Set down again exactly the lines of the listing below that fall between the line holding "Chocolate- Juicy Couture Down Jacket" and the line holding "Reparación de pantalla", inclusive.

◆ **Dataset records**
----

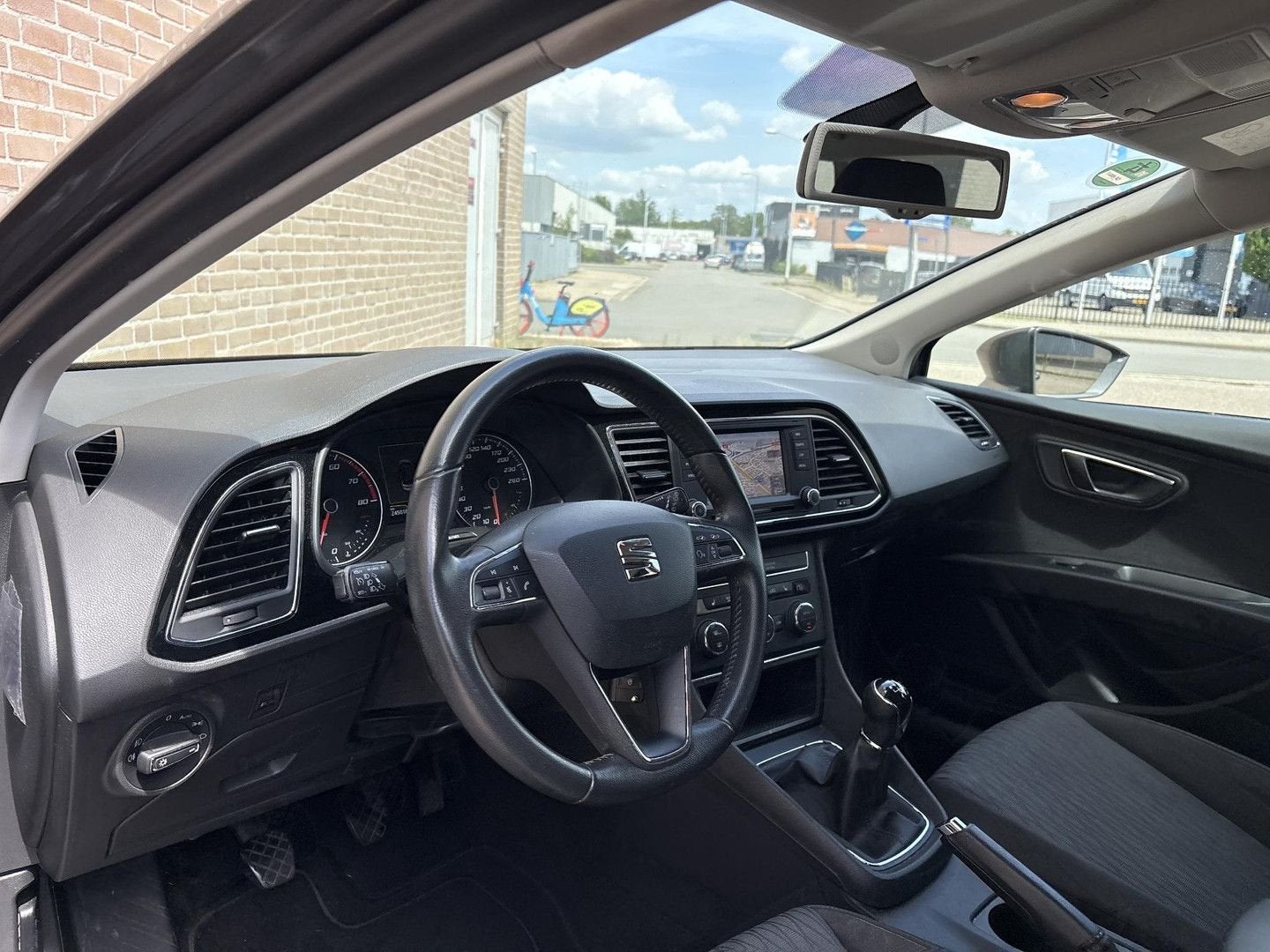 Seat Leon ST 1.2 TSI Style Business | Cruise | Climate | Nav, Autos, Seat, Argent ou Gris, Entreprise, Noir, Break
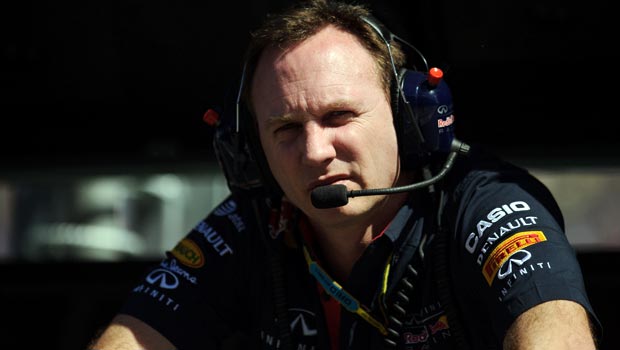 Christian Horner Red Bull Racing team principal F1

----

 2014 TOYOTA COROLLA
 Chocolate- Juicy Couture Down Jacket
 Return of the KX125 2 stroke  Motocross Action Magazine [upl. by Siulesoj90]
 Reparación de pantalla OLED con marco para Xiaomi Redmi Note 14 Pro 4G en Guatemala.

----

◆ **Response for this exercise**
 Chocolate- Juicy Couture Down Jacket
 Return of the KX125 2 stroke  Motocross Action Magazine [upl. by Siulesoj90]
 Reparación de pantalla OLED con marco para Xiaomi Redmi Note 14 Pro 4G en Guatemala.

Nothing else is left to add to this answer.